The private insurance sector was jubilant Thursday after Finance Minister Arun Jaitley proposed raising the foreign direct investment (FDI) cap to 49 percent.
"The Insurance sector is investment-starved. Several segments of the Insurance sector need an expansion. The composite cap in the Insurance sector is proposed to be increased up to 49 percent from the current level of 26 percent, with full Indian management and control, through the FIPB route," Jaitley said presenting his maiden budget in parliament.
"We are happy at the finance minister's announcement.
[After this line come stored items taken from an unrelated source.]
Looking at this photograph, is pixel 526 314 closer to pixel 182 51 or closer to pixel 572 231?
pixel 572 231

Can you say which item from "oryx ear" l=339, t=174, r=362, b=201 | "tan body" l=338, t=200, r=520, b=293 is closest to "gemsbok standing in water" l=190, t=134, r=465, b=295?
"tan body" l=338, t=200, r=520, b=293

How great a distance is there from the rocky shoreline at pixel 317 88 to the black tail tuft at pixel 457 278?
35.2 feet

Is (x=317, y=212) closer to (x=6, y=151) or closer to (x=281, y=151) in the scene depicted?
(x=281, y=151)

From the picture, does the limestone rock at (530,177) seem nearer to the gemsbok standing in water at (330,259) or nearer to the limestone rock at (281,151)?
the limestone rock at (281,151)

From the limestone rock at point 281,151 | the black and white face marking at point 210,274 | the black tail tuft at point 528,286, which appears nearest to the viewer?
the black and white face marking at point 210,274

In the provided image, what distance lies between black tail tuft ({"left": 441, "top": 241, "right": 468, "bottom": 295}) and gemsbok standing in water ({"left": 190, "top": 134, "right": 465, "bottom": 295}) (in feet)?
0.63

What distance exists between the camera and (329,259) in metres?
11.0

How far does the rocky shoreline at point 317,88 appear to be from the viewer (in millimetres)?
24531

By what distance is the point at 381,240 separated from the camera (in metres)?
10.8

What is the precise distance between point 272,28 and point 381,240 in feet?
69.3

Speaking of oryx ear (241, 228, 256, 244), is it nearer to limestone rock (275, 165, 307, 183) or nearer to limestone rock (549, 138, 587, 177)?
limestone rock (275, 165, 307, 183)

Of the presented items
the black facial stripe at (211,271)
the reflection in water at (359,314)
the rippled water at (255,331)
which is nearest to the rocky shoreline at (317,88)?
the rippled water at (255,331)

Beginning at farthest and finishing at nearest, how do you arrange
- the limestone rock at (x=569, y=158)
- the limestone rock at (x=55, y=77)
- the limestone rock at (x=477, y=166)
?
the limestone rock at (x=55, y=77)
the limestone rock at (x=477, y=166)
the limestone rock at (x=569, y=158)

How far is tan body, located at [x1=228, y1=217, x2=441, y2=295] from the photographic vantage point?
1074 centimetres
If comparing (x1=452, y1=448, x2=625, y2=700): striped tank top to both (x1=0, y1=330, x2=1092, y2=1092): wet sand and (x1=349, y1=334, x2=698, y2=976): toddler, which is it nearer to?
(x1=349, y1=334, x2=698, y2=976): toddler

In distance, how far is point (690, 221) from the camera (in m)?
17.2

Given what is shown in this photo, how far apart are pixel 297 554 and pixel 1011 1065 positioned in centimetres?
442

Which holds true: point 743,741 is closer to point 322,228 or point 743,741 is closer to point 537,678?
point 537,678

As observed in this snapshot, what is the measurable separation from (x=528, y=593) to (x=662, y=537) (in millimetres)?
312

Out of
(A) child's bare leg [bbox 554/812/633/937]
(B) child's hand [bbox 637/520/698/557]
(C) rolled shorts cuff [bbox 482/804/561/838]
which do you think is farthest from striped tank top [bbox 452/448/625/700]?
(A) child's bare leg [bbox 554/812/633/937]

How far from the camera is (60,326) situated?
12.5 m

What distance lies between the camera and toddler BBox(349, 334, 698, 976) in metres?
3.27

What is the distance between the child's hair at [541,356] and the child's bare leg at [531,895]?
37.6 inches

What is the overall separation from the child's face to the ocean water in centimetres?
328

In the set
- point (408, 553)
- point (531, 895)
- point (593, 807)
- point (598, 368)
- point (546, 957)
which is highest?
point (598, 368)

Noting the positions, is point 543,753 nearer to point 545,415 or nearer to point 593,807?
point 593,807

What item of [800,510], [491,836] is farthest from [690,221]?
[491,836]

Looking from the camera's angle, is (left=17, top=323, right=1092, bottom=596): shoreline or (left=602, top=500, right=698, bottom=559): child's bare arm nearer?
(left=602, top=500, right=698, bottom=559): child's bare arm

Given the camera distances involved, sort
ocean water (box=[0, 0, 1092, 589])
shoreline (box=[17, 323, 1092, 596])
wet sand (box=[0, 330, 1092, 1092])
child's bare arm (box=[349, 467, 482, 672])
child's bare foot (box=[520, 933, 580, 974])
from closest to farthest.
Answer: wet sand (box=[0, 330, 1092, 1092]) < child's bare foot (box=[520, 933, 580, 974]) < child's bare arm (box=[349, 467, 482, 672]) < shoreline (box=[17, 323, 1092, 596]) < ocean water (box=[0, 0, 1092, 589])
Increasing the FDI limit to 49 percent will have a positive cascading effect on increasing household savings levels, fresh investment, new employment, insurance penetration and others," V. Manickam, secretary general, Life Insurance Council of India, told IANS.
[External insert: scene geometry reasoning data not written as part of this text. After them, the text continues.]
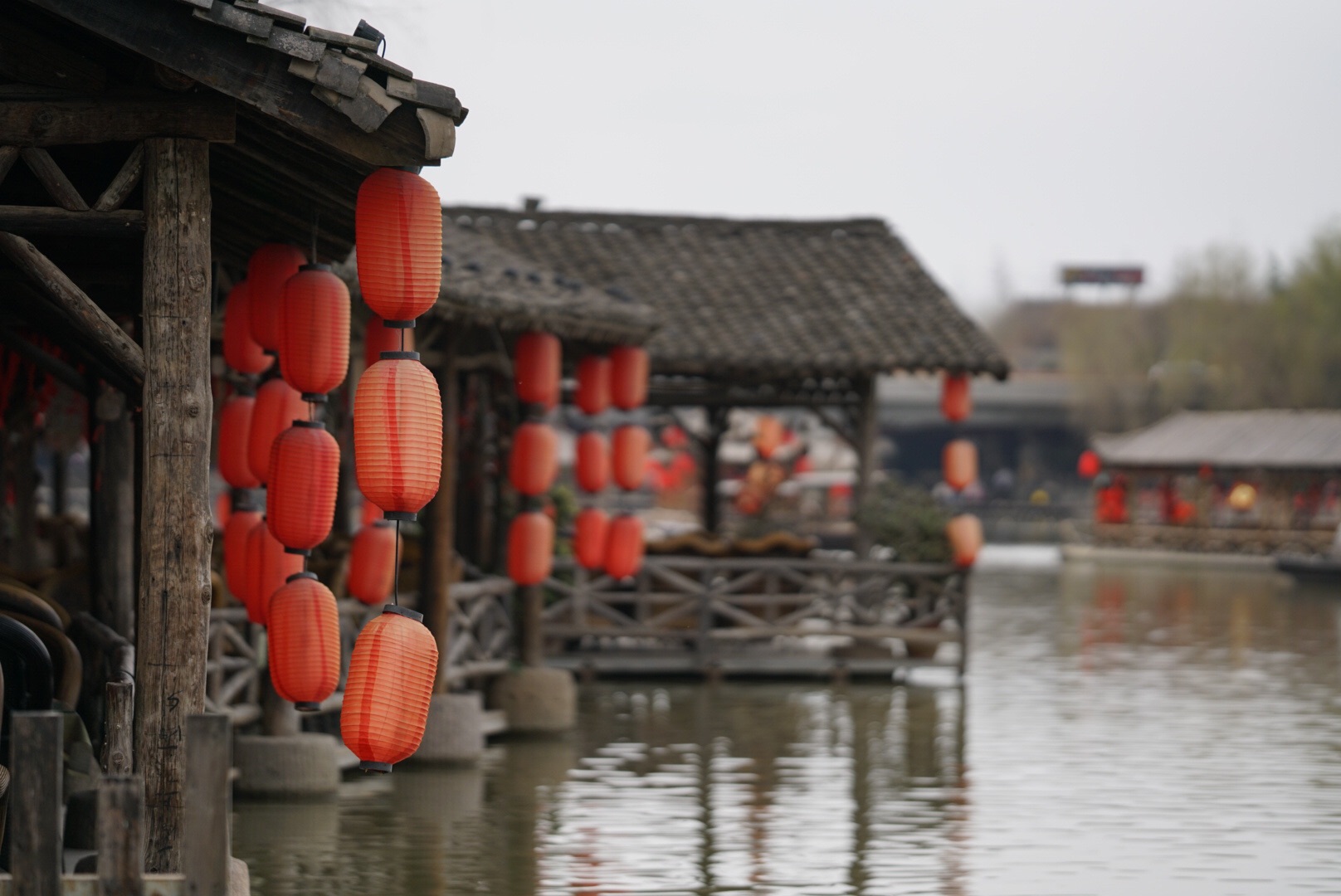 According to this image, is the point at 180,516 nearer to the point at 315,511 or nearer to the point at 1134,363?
the point at 315,511

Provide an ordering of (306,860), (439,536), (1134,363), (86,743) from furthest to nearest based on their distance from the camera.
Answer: (1134,363), (439,536), (306,860), (86,743)

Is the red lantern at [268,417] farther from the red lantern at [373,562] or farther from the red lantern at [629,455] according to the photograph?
the red lantern at [629,455]

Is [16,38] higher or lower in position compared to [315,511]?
higher

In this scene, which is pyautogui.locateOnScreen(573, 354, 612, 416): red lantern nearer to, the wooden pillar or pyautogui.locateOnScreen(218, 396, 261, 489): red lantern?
pyautogui.locateOnScreen(218, 396, 261, 489): red lantern

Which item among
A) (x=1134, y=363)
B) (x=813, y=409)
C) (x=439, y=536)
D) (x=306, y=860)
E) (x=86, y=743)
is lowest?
(x=306, y=860)

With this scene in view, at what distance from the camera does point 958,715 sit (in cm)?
1650

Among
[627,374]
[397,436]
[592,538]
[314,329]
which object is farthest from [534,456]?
[397,436]

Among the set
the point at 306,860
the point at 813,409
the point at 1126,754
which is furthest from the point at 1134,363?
the point at 306,860

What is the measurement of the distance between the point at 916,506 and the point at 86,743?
11.8 metres

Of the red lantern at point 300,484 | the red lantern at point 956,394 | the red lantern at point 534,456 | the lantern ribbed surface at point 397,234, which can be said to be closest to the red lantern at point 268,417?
the red lantern at point 300,484

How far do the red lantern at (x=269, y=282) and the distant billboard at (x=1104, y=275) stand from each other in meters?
98.1

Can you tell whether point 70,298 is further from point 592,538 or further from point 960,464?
point 960,464

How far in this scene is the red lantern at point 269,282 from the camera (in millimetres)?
9180

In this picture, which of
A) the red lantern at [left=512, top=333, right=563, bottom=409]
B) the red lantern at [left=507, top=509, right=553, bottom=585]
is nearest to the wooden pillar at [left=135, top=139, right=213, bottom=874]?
the red lantern at [left=512, top=333, right=563, bottom=409]
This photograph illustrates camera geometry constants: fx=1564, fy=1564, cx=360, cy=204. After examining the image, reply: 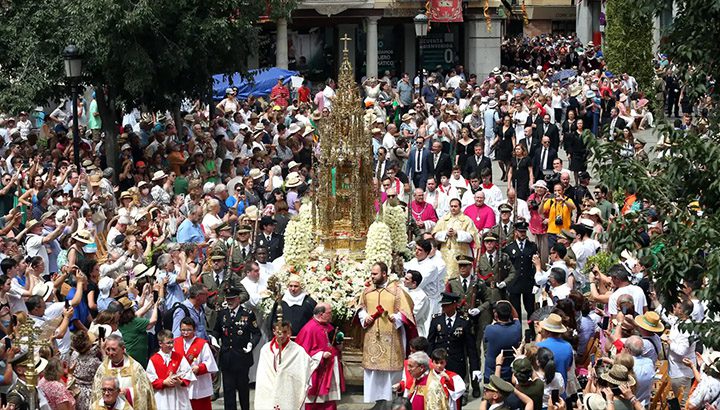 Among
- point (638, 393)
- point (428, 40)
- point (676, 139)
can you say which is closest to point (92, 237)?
point (638, 393)

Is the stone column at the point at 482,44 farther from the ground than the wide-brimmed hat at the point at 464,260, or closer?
farther from the ground

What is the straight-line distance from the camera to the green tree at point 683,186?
12.6 meters

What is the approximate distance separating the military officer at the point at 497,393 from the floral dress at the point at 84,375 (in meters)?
3.92

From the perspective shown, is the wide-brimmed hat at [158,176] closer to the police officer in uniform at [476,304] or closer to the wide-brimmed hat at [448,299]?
the police officer in uniform at [476,304]

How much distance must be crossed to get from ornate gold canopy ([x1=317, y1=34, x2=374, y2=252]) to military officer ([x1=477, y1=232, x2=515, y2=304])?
5.31 ft

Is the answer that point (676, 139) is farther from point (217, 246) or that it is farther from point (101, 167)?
point (101, 167)

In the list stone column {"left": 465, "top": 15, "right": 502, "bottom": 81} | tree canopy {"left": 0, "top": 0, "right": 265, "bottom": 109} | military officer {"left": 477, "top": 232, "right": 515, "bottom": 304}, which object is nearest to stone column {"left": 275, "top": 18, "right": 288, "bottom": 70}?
stone column {"left": 465, "top": 15, "right": 502, "bottom": 81}

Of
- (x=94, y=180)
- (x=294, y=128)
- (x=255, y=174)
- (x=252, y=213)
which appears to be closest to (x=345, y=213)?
Result: (x=252, y=213)

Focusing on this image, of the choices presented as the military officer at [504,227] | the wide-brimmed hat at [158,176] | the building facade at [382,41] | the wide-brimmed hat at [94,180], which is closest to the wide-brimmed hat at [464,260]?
the military officer at [504,227]

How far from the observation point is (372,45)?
164 ft

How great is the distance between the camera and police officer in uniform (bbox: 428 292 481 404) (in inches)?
685

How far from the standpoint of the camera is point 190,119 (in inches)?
1324

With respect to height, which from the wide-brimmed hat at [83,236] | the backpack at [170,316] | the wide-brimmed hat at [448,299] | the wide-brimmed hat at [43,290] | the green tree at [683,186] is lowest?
the backpack at [170,316]

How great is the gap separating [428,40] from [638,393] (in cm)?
3871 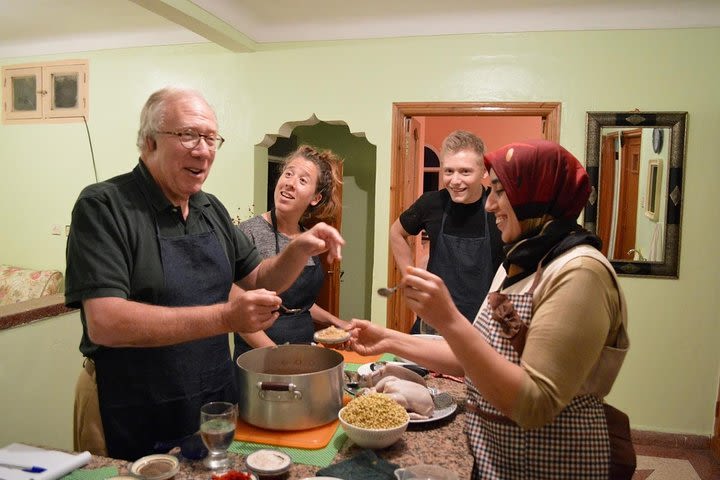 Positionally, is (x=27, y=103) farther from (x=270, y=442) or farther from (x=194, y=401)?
(x=270, y=442)

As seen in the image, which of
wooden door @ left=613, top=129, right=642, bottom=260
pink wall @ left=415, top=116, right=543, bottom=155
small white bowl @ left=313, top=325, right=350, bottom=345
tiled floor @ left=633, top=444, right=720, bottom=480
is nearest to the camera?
small white bowl @ left=313, top=325, right=350, bottom=345

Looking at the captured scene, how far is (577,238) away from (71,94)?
4.37 meters

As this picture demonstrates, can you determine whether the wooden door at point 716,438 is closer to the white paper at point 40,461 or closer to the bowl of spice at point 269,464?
the bowl of spice at point 269,464

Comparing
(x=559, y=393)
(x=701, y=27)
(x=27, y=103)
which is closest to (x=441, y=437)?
(x=559, y=393)

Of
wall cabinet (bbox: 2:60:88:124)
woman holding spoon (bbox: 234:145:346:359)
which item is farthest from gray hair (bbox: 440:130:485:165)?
wall cabinet (bbox: 2:60:88:124)

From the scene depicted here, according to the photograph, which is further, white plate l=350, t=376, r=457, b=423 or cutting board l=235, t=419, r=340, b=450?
white plate l=350, t=376, r=457, b=423

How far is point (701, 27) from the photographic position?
317 cm

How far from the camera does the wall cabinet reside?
4.25 meters

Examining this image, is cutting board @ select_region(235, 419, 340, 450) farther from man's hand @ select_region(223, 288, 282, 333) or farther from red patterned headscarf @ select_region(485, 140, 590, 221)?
red patterned headscarf @ select_region(485, 140, 590, 221)

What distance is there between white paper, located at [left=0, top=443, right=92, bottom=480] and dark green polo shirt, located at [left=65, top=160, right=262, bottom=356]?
10.7 inches

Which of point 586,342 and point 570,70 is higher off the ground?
point 570,70

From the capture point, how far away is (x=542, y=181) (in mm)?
1238

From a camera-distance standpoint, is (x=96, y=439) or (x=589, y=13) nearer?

Hike in the FDI limit has been the long standing demand of the private insurance companies in India.
India opened up the insurance sector for private players in 2000, setting the cap on FDI at 26 percent.
According to Manickam, the government's move would attract more foreign players to enter the Indian market where the population of uninsured is around 50 crore.
"With this move, we expect the sector to receive fresh capital infusion of around Rs.50,000 crore by 2020. The number of life insurance branch offices will go up from 10,000 to 30,000. The number of employees will go up to around 500,000 from the current 200,000," Manickam said.
He said the life insurance sector is expected to log a compounded annual growth rate (CAGR) of around 15 percent which in turn would attract new investment.
According to him, the number of agents selling life insurance policies will go up to four million from the present levels of around two million.
Along with the growth of the life insurance sector, the household savings would also grow 40 percent from the current 30 percent, he added.
According to Manickam, some life insurers may also come out with initial public offering in five/six years time.
Queried about the possibility of mergers and acquisitions happening in the sector with the entry of new players following the FDI limit hike, he said: "Such things can also happen. It cannot be ruled out."
An industry expert told IANS preferring anonymity that the hike in FDI limit would basically help the life insurance sector rather than the non-life sector which has now stabilised.
For the life insurance sector only one issue has been addressed now. The other major issue that has to be addressed is converting banks selling insurance policies as agents into insurance brokers so that they can sell policies of several insurers.